Please return every record exactly as written, leaving out the pictures.

··········

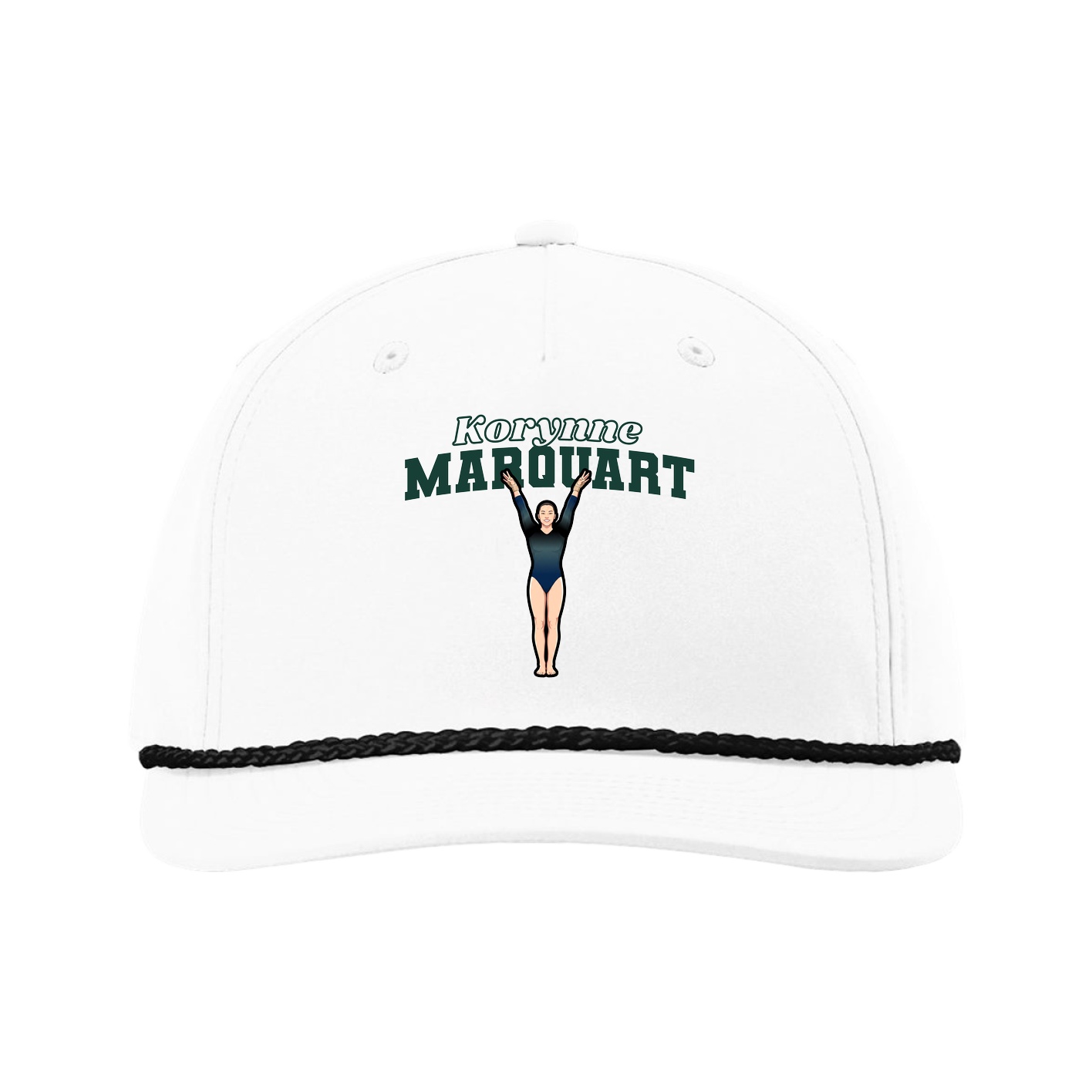 Five-Panel Classic Rope Cap — Name Arch in White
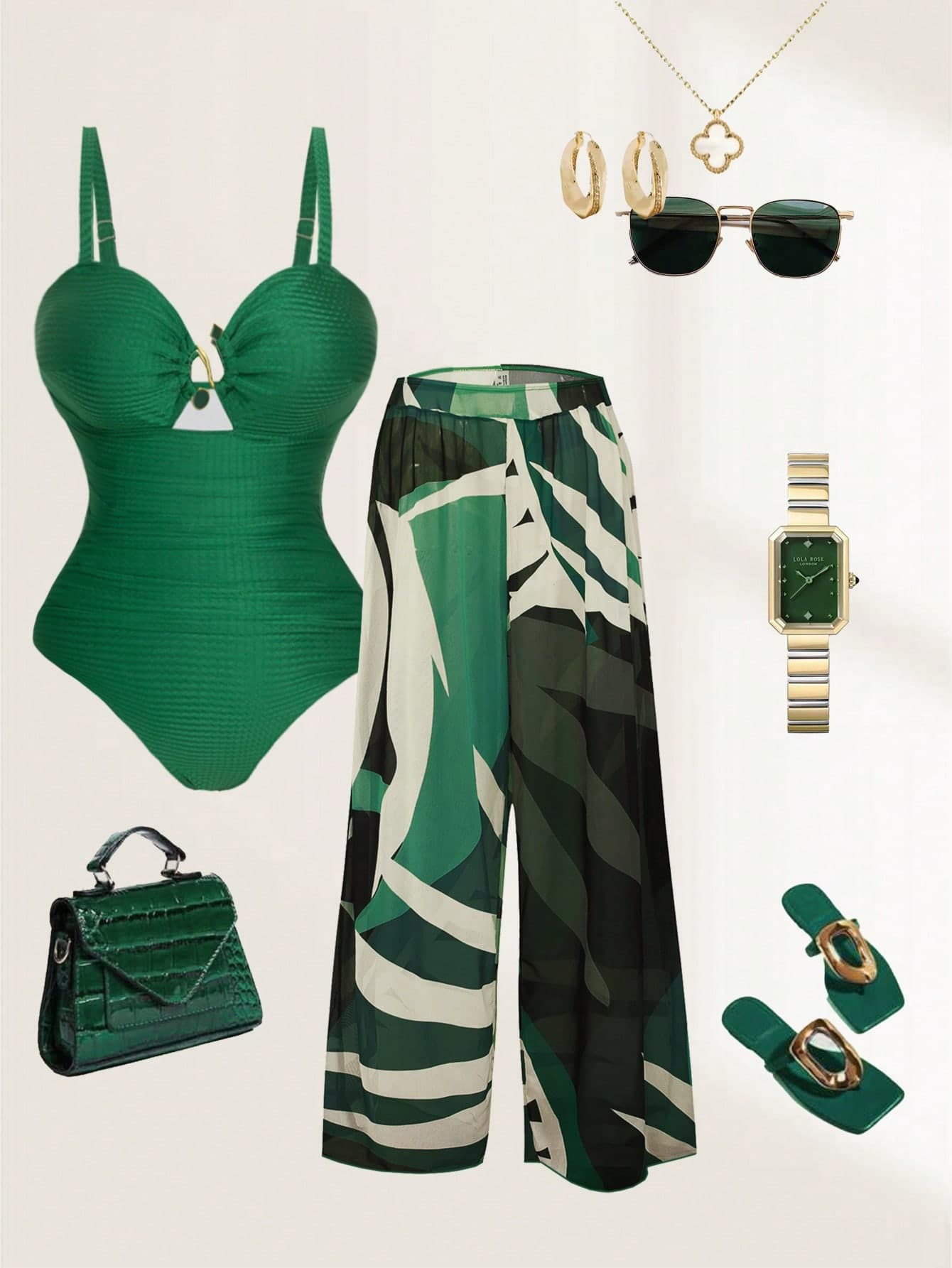 Swim Oasis Plus Size Women Green Jacquard Fabric Casual Vacation Spaghetti Strap Low Neck One-Piece Swimsuit With Matching Sarong Coverup 2 Pieces Swimwear Set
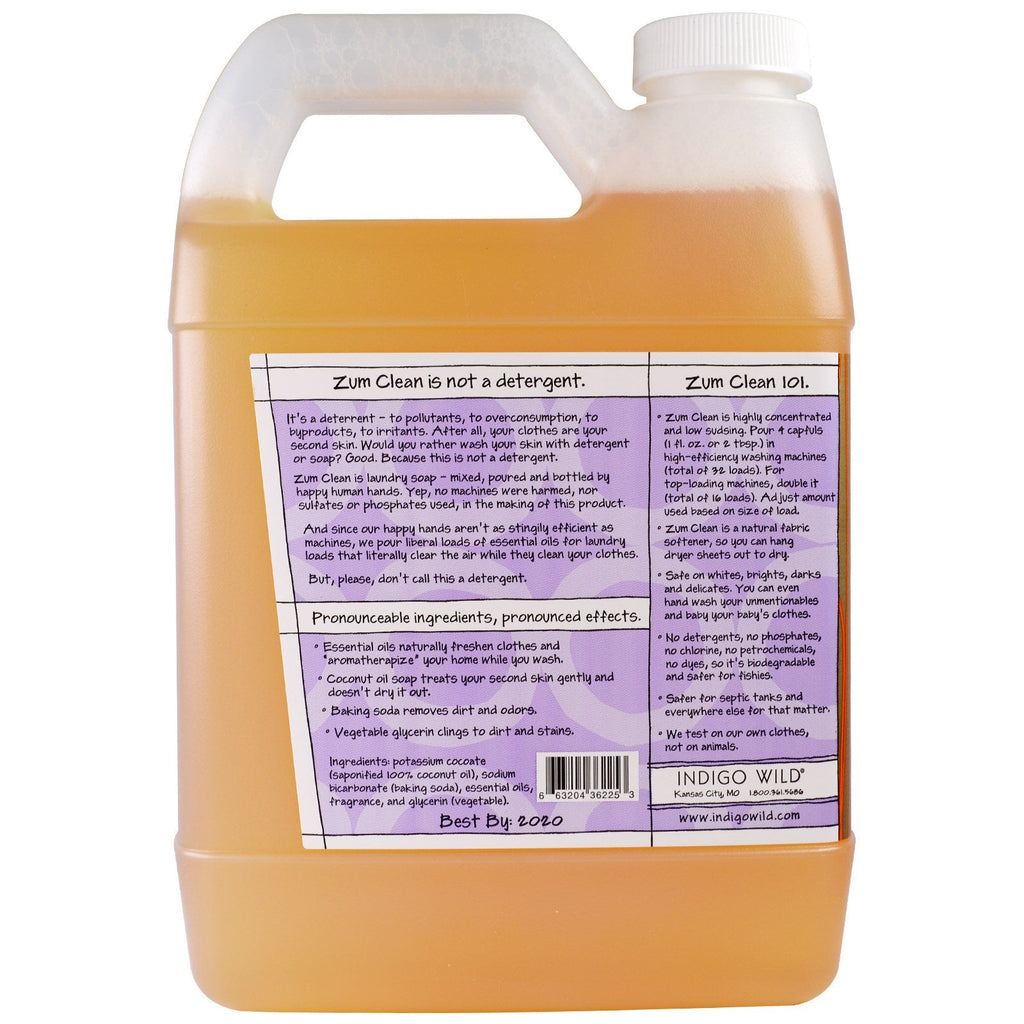 Indigo Wild, Zum Clean, aromaterapi vaskesæbe, røgelse og patchouli, 32 fl oz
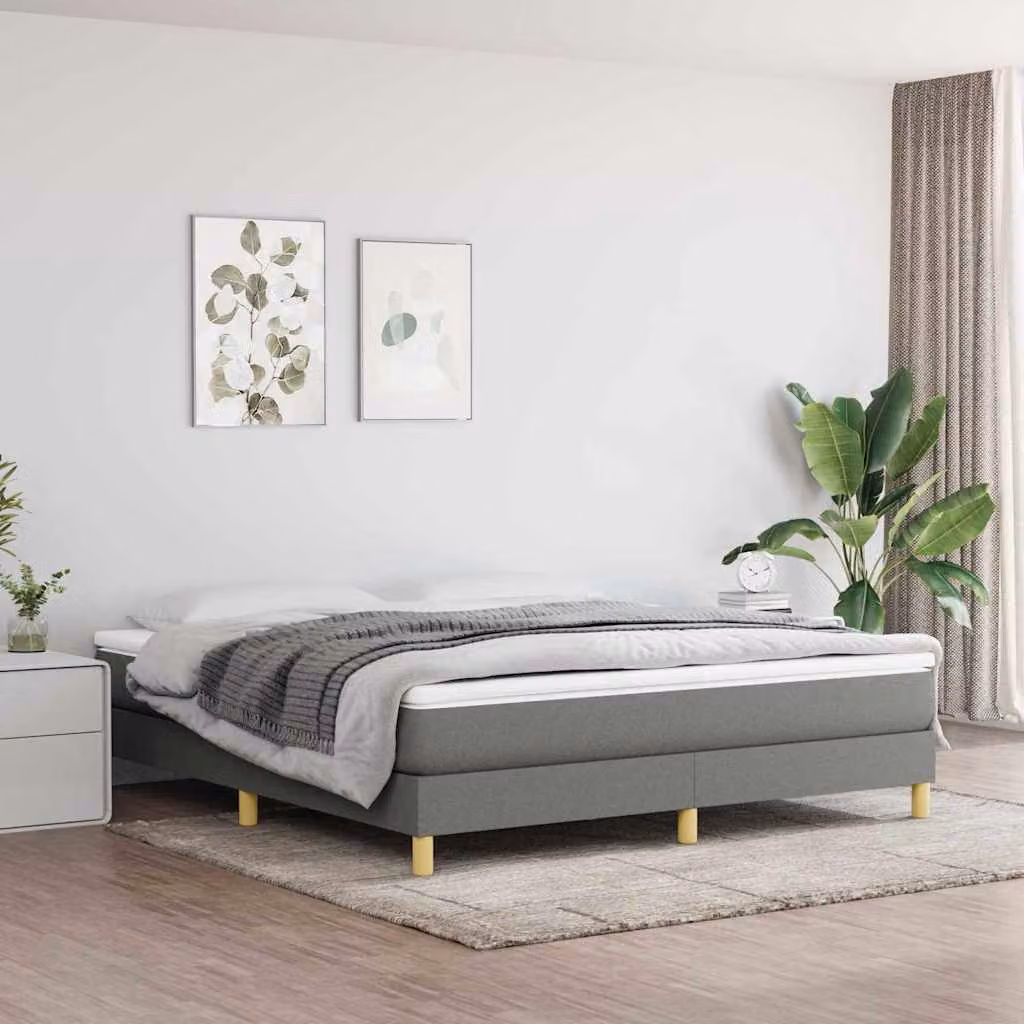 vidaXL Struttura Letto a Rete a Molle in Tessuto Grigio con Listelli Curvi L: 180 cm, P: 200 cm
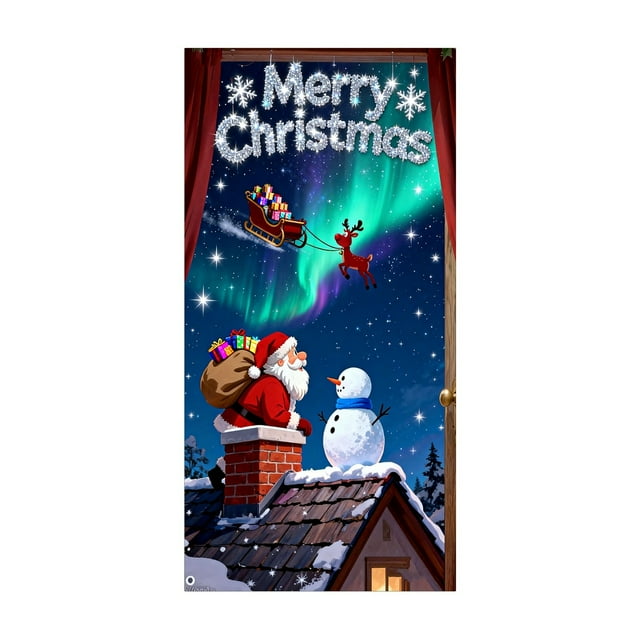 TIELUTT Rideau de Porte Festif pour Entrée de Maison Saisonnière avec Motifs de Flocons de Neige et de Rennes Bannières et Panneaux d'Anniversaire Bannière Colorée Fanion Extérieur Bannière Fanions Drapeau pour Enfants Chemise Femme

··········

--- Final answer ---
 Five-Panel Classic Rope Cap — Name Arch in White
 Swim Oasis Plus Size Women Green Jacquard Fabric Casual Vacation Spaghetti Strap Low Neck One-Piece Swimsuit With Matching Sarong Coverup 2 Pieces Swimwear Set
 Indigo Wild, Zum Clean, aromaterapi vaskesæbe, røgelse og patchouli, 32 fl oz
 vidaXL Struttura Letto a Rete a Molle in Tessuto Grigio con Listelli Curvi L: 180 cm, P: 200 cm
 TIELUTT Rideau de Porte Festif pour Entrée de Maison Saisonnière avec Motifs de Flocons de Neige et de Rennes Bannières et Panneaux d'Anniversaire Bannière Colorée Fanion Extérieur Bannière Fanions Drapeau pour Enfants Chemise Femme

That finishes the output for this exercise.